- [What you need to do]
Exclude all pictures, and reproduce exactly the lines from the one containing "Tс3-23 топкейс toshiba Satellite L840" through the end of the records, with nothing else added.

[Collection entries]
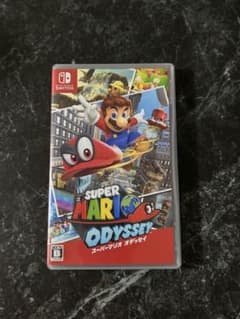 スーパーマリオ　オデッセイ　Switch スイッチ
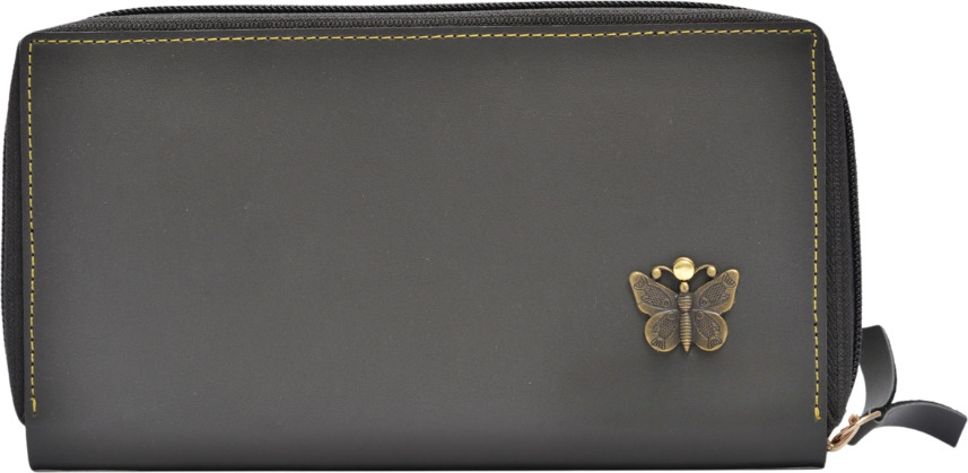 Casual Grey Clutch-image-42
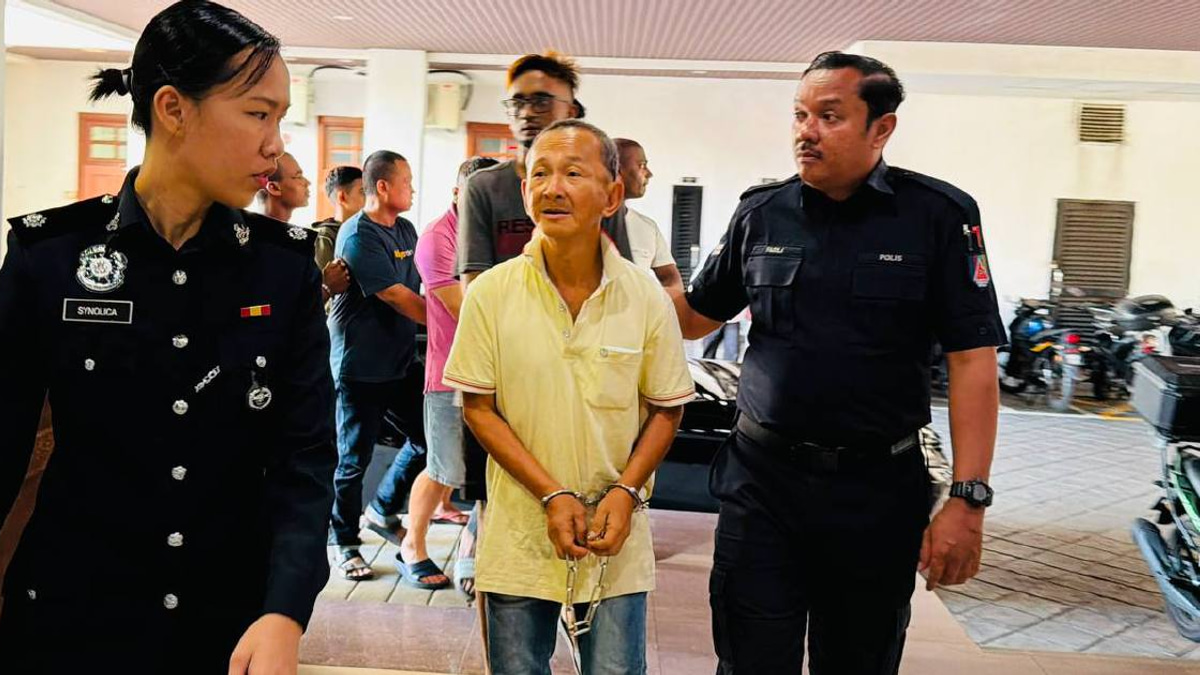 Wireman Charged Over Parang Attack on Elderly Brother in Penang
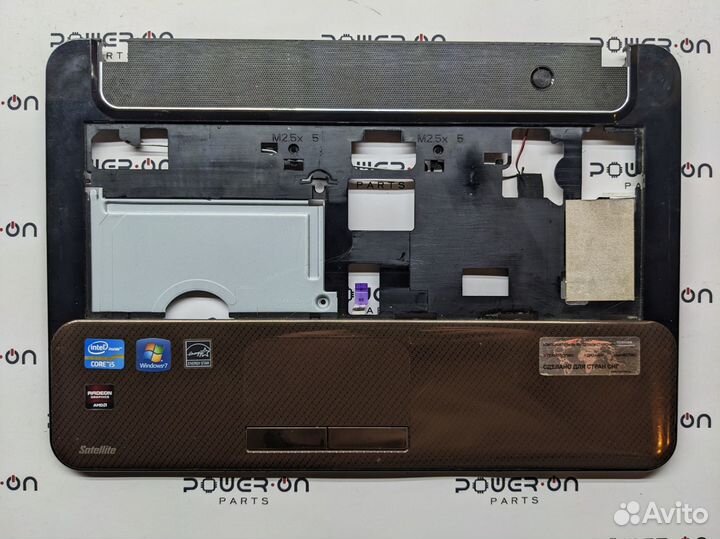 Tс3-23 топкейс toshiba Satellite L840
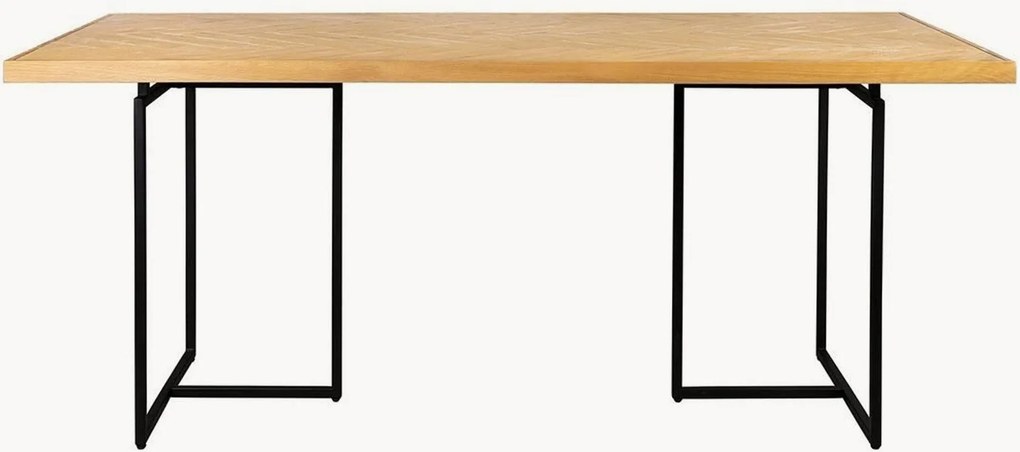 Houten eettafel Class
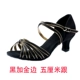 Black Plus Gold Edge пять сантиметров каблука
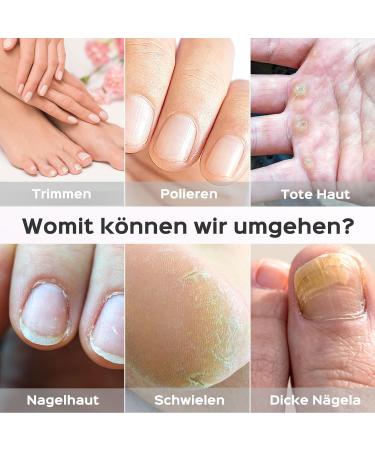 Buy Cosus 9 in 1 Wireless Pedicure Manicure Set Electric Nail File with LED Light & 5 Speeds for Hand and Foot Care - Buy Online on GoSupps.com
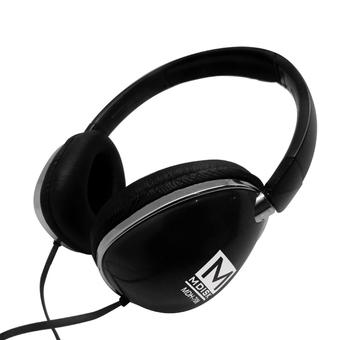 Mdisk Headset Elegant MDN-708 - Hitam  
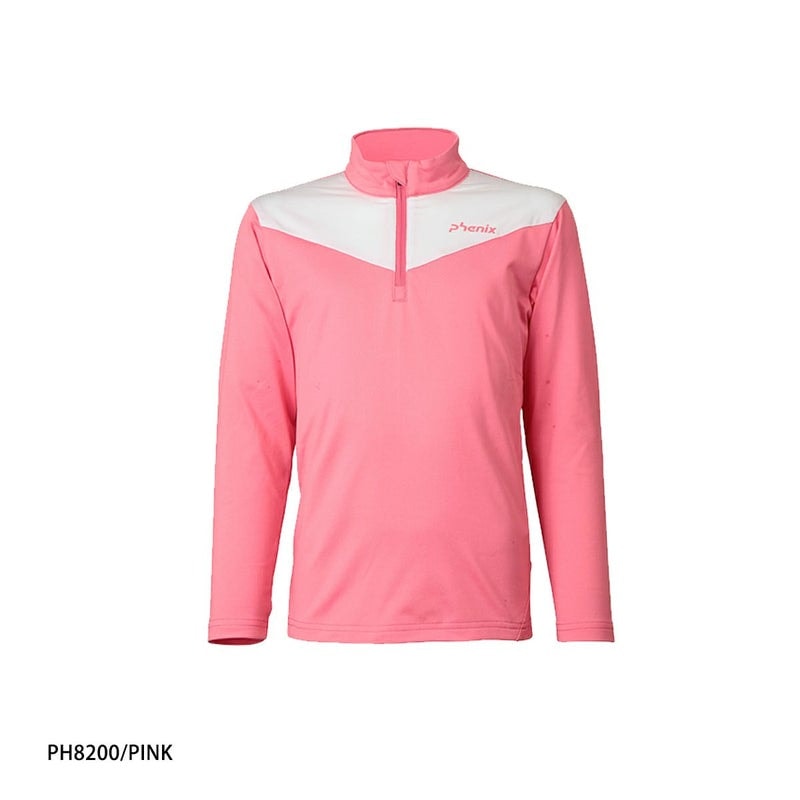 2526 PHENIX Color Block 1/2 Zip Tee / ESG25LS90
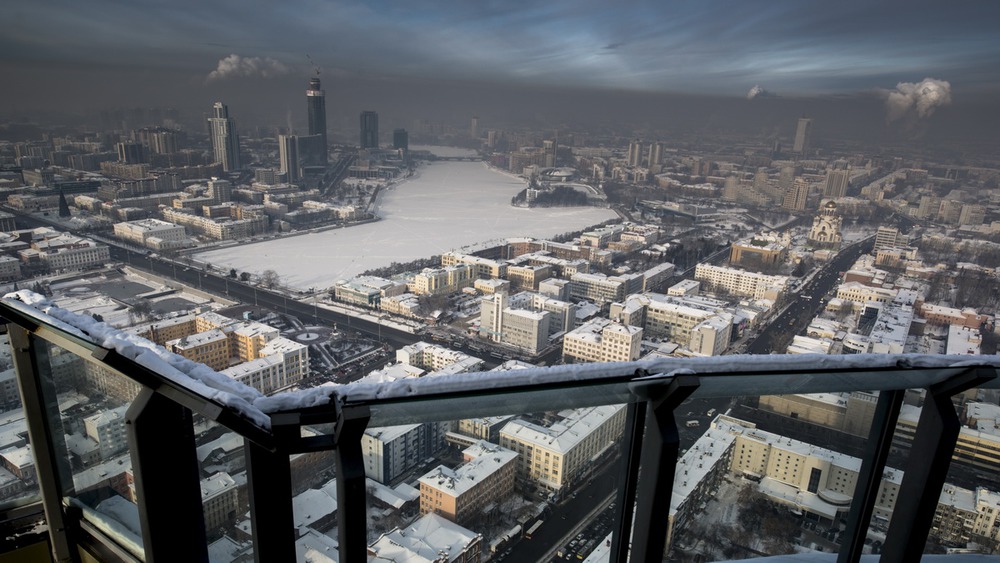 В холодном плену... (-27)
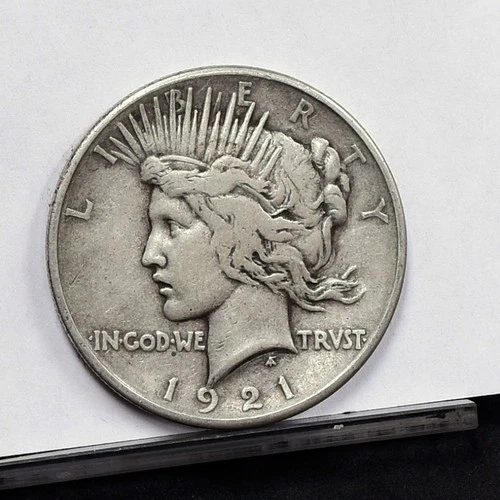 1921 Peace Dollar - Fine (#61403-L)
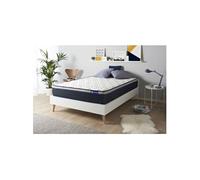 Actisom - Matelas 180 x 200 cm - Mousse à Mousse à mémoire de Forme - Matelas pour 2 Personnes- Épaisseur : 26 cm - Soutien et Confort : Ferme - Marque Française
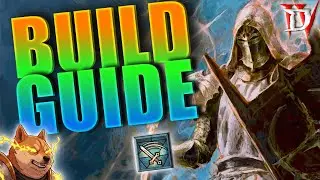 Brandish Paladin Build Guide & Pit 105 Gameplay Season 11 Diablo 4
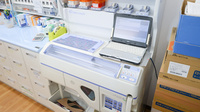 泉州薬局　磯上店の調剤器具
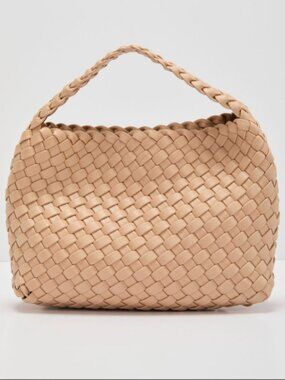 Fiah Textured Woven Vegan Leather Bag | Vici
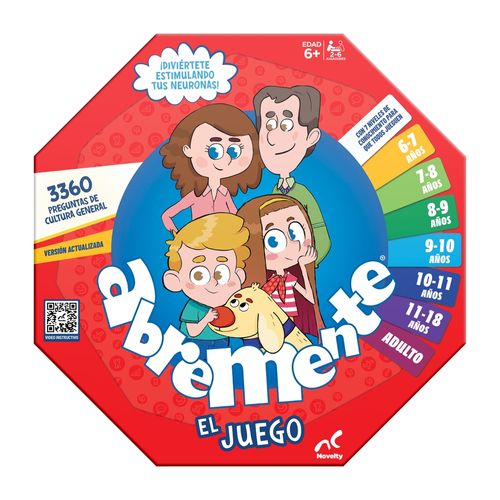 Juego De Mesa Play Bac en Familia Abremente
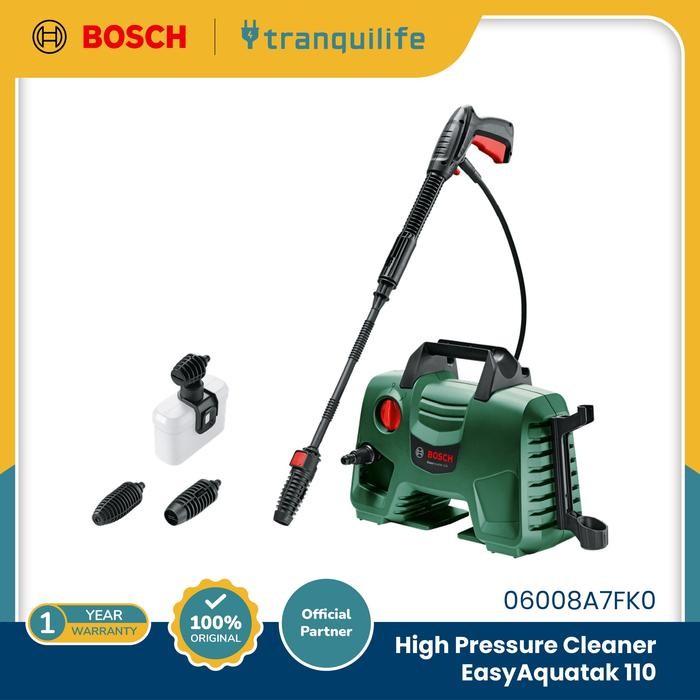 Bosch Easy Aquatak 110 AQT Jet High Pressure Cleaner Steam Cuci Mobil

- [Solution to the problem]
 Tс3-23 топкейс toshiba Satellite L840
 Houten eettafel Class
 Black Plus Gold Edge пять сантиметров каблука
 Buy Cosus 9 in 1 Wireless Pedicure Manicure Set Electric Nail File with LED Light & 5 Speeds for Hand and Foot Care - Buy Online on GoSupps.com
 Mdisk Headset Elegant MDN-708 - Hitam  
 2526 PHENIX Color Block 1/2 Zip Tee / ESG25LS90
 В холодном плену... (-27)
 1921 Peace Dollar - Fine (#61403-L)
 Actisom - Matelas 180 x 200 cm - Mousse à Mousse à mémoire de Forme - Matelas pour 2 Personnes- Épaisseur : 26 cm - Soutien et Confort : Ferme - Marque Française
 Brandish Paladin Build Guide & Pit 105 Gameplay Season 11 Diablo 4
 泉州薬局　磯上店の調剤器具
 Fiah Textured Woven Vegan Leather Bag | Vici
 Juego De Mesa Play Bac en Familia Abremente
 Bosch Easy Aquatak 110 AQT Jet High Pressure Cleaner Steam Cuci Mobil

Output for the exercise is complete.